An external file that holds a picture, illustration, etc. Object name is nihms-1528351-f0002.jpg

Item characteristic curve

Figure 2 displays a hypothetical item characteristic curve (ICC) for a binary test item. The y-axis indicates the probability of a randomly selected person from the population endorsing the symptom or responding correctly to the test item. The x-axis indicates the level of the underlying or latent trait presumed to cause the item response. The scale of the x-axis reflects the conventional normal distribution assumption for the latent trait.

IRT assumes that a latent, unobservable ability or trait describes the probability of responding correctly to an item, and that persons with more ability have a greater likelihood of responding correctly to the item (or endorsing the symptom as the case may be). Many, but not all, IRT models assume this latent trait is continuous normal [16]. Other assumptions of IRT include the notion that the probability of responding correctly to an item, conditional on level of the underlying trait, is independent from responses to other items on the test (conditional or local independence) [15].

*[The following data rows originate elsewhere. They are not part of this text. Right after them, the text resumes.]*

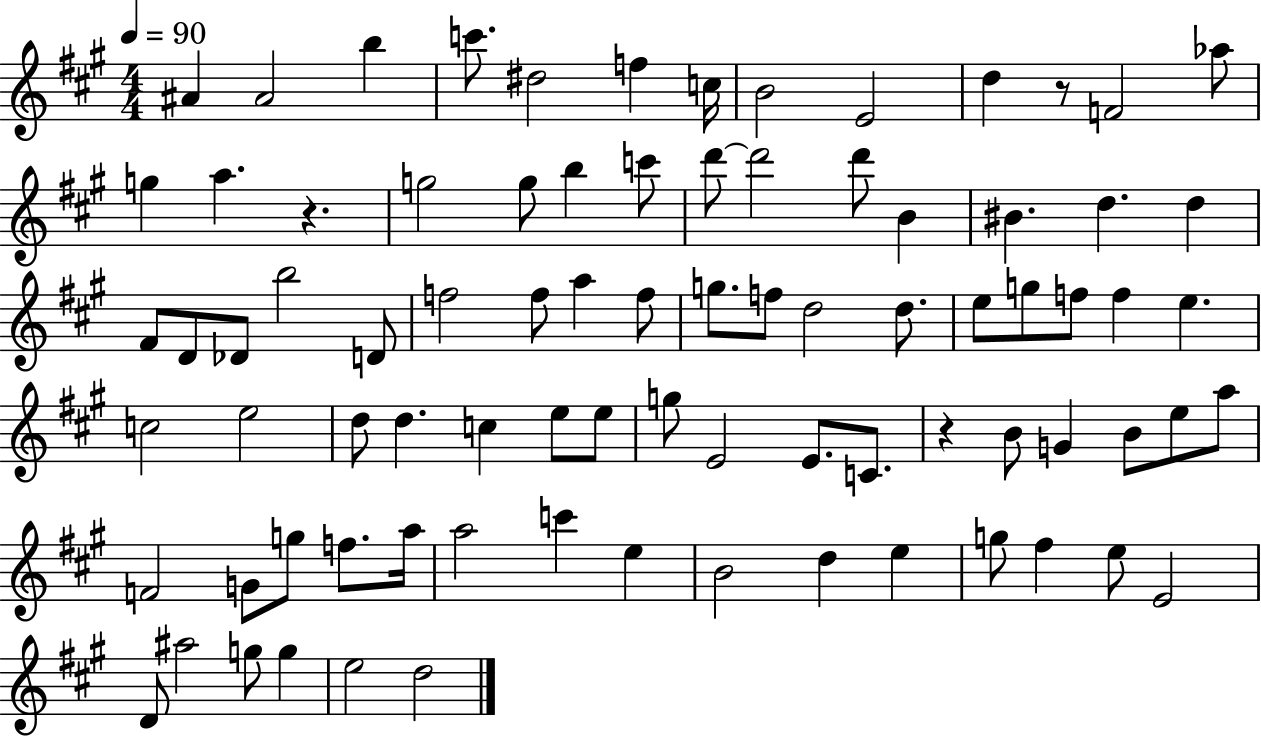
{
  \clef treble
  \numericTimeSignature
  \time 4/4
  \key a \major
  \tempo 4 = 90
  ais'4 ais'2 b''4 | c'''8. dis''2 f''4 c''16 | b'2 e'2 | d''4 r8 f'2 aes''8 | \break g''4 a''4. r4. | g''2 g''8 b''4 c'''8 | d'''8~~ d'''2 d'''8 b'4 | bis'4. d''4. d''4 | \break fis'8 d'8 des'8 b''2 d'8 | f''2 f''8 a''4 f''8 | g''8. f''8 d''2 d''8. | e''8 g''8 f''8 f''4 e''4. | \break c''2 e''2 | d''8 d''4. c''4 e''8 e''8 | g''8 e'2 e'8. c'8. | r4 b'8 g'4 b'8 e''8 a''8 | \break f'2 g'8 g''8 f''8. a''16 | a''2 c'''4 e''4 | b'2 d''4 e''4 | g''8 fis''4 e''8 e'2 | \break d'8 ais''2 g''8 g''4 | e''2 d''2 | \bar "|."
}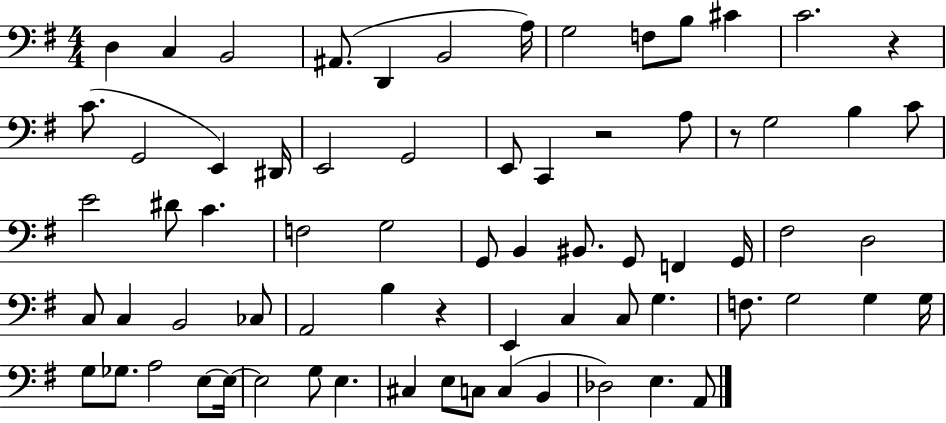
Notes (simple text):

D3/q C3/q B2/h A#2/e. D2/q B2/h A3/s G3/h F3/e B3/e C#4/q C4/h. R/q C4/e. G2/h E2/q D#2/s E2/h G2/h E2/e C2/q R/h A3/e R/e G3/h B3/q C4/e E4/h D#4/e C4/q. F3/h G3/h G2/e B2/q BIS2/e. G2/e F2/q G2/s F#3/h D3/h C3/e C3/q B2/h CES3/e A2/h B3/q R/q E2/q C3/q C3/e G3/q. F3/e. G3/h G3/q G3/s G3/e Gb3/e. A3/h E3/e E3/s E3/h G3/e E3/q. C#3/q E3/e C3/e C3/q B2/q Db3/h E3/q. A2/e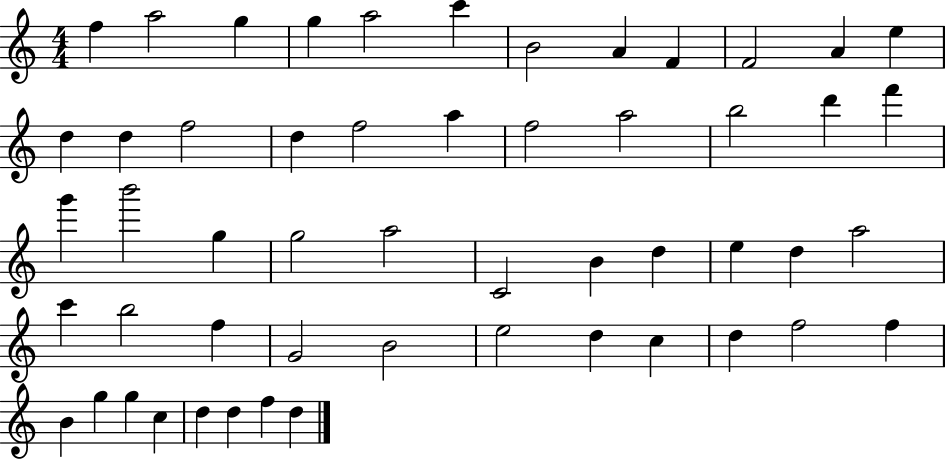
F5/q A5/h G5/q G5/q A5/h C6/q B4/h A4/q F4/q F4/h A4/q E5/q D5/q D5/q F5/h D5/q F5/h A5/q F5/h A5/h B5/h D6/q F6/q G6/q B6/h G5/q G5/h A5/h C4/h B4/q D5/q E5/q D5/q A5/h C6/q B5/h F5/q G4/h B4/h E5/h D5/q C5/q D5/q F5/h F5/q B4/q G5/q G5/q C5/q D5/q D5/q F5/q D5/q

Another key notion in IRT is the conceptual and statistical separation of characteristics of persons and characteristic symptoms (or test items). This can be represented symbolically with the item response function

$P (y_{ij} = 1 | θ_{i}) = P_{i} (θ) = F {a_{j} (θ - b_{j})}$

(1)

which states the probability of the i^th individual endorsing the j^th symptom (y_ij=1 vs. y_ij=0) is a function of the discrepancy between the person's level on the underlying latent trait (θ_i) and the level of difficulty or severity measured by the symptom (b _j). This function is modified by the strength of association between the symptom and the underlying trait, the so-called discrimination parameter (a _j). Discrimination refers to the ability of the item to identify persons of high versus low levels on the trait. Highly discriminating items describe steeper item response functions and are better able to separate persons. Parameters a _j and b _j are characteristics of the item, and θ_i is a characteristic of an individual. If an item is ordinal, the probability that a person responds in category c or higher can be expressed as P(y_ij≥c|θ_i) = F{a _j(θ−b _cj)} where b _cj is a threshold for item j specific to the boundary between category c and c−1.

The parameterization of the item response theory function (equation 1) represents a linear model (within a non-linear transformation given by F) of the form [a(θ−b)]. This is the equation of a line in point-slope form. In epidemiology we more often encounter linear equations in intercept slope form, e.g., P(y_ij=1|θ_i) = F{B ₀ + B ₁θ}, where B ₀ would represent a constant or intercept term, and B ₁ the slope with respect to underlying ability. A little algebra demystifies the point-slope IRT form when we realize that the slopes in the two formulations are equivalent, with a = B₁ and b = −B₁/B₀. It is also worth noting that the IRT formulation sometimes includes a constant transformation [Da(θ−b)] where D is scaling constant, the use of which was motivated by a desire to make parameter estimated under a probit and logit transformation comparable [17].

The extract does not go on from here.